Tenía que tragar aire. Fuera lo que fuese que se le había adherido, debía ignorarlo y hacer todo lo posible para salir a la superficie. Lanzó un fuerte golpe con los pies, se impulsó con los brazos y nadó hacia arriba.

Un instante después alcanzó el aire y comenzó a tragarlo desesperadamente a pulmón abierto. Al mismo tiempo se dio cuenta de que flotaba a una velocidad considerable. Miró a su alrededor y alcanzó a divisar la orilla distante del río. Volviéndose aún más vio los faros de los coches que circulaban por el camino del río y se dio cuenta de que se encontraba en medio del cauce, llevado por la recia corriente del Sena.

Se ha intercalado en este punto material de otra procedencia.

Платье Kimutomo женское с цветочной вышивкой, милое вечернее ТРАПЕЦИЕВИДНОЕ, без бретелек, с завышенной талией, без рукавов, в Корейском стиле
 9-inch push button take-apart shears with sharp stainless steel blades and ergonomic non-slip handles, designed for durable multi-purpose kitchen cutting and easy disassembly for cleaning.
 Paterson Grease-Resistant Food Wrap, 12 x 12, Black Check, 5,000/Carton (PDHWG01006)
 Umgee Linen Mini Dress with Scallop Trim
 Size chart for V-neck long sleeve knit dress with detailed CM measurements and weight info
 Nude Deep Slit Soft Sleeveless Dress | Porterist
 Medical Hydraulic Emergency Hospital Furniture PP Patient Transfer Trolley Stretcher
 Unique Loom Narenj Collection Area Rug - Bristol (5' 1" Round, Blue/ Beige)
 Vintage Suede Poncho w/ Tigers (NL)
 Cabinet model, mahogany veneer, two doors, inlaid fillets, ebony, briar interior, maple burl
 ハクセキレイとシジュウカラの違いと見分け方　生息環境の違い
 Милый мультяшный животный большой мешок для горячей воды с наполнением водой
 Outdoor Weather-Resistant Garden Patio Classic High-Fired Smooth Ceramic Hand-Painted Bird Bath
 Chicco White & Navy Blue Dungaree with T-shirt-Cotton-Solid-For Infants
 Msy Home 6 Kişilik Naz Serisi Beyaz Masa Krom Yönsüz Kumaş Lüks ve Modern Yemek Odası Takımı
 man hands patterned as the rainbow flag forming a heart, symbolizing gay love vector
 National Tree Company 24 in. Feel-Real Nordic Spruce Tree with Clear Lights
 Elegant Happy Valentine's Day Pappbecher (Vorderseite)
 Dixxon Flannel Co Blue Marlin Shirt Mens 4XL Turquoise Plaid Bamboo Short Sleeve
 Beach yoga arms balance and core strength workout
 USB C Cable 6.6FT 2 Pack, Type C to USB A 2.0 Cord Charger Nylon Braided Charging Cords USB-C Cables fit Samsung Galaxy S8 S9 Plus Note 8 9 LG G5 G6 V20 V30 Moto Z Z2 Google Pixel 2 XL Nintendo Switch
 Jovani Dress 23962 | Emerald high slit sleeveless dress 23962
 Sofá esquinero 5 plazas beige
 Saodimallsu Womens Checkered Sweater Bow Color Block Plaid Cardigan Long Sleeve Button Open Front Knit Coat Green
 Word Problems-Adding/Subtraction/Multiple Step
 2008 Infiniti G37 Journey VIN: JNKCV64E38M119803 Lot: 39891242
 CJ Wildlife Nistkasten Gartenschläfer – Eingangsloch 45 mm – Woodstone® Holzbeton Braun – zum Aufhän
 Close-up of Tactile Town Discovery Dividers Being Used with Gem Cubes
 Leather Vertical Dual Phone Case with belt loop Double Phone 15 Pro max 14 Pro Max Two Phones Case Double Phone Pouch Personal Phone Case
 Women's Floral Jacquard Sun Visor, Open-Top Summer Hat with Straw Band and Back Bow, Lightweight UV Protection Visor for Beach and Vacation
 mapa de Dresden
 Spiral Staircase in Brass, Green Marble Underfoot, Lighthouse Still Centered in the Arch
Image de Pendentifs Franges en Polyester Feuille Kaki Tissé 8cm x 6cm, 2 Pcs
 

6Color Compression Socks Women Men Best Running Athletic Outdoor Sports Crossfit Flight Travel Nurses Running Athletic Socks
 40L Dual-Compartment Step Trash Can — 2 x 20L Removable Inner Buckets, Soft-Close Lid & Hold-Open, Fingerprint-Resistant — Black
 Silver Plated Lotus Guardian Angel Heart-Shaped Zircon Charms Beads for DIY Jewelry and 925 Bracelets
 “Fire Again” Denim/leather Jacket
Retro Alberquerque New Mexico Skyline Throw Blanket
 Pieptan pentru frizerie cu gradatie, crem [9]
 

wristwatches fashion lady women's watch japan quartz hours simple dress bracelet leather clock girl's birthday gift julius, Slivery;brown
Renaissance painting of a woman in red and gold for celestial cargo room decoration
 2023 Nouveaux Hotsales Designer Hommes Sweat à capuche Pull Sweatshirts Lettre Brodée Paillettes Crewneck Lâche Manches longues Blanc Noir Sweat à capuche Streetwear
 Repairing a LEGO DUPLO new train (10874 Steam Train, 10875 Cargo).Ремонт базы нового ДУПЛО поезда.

Aquello que se le había enganchado se soltó cuando él llegaba a la superficie, o al menos lo pensó porque ya no lo sentía. Fluía libre con la corriente cuando de pronto volvió a tocarlo. Se volvió y vio un objeto oscuro con una protuberancia musgosa en el extremo más cercano. Intentaba alejarlo cuando del agua emergió una mano, una mano humana que se le colgó del brazo. Osborn dejó escapar un chillido de terror e intentó desprenderse. Pero la mano lo tenía firmemente asido. Vio que lo que había confundido con musgo era el pelo de una cabeza. En la distancia resonó el rugido de un trueno. De pronto, la lluvia cayó torrencialmente. Osborn se estiró y mientras intentaba desesperadamente liberarse de los dedos que lo apretaban, aquella cosa salió a flote y se arrastró a su lado. El lanzó un grito e intentó separarla pero no se desprendió. Luego, a la luz de un relámpago vio que estaba mirando una sanguinolenta cuenca de ojo salvajemente desgarrado. La otra cuenca estaba completamente vacía, sólo un amasijo de carne donde el rostro había recibido el disparo. Un momento más tarde, aquella cosa se retorció hacia arriba y emitió un potente rugido. Luego la mano se quedó lacia y se desprendió de su brazo y lo que quedaba de Henri Kanarack se perdió en la corriente.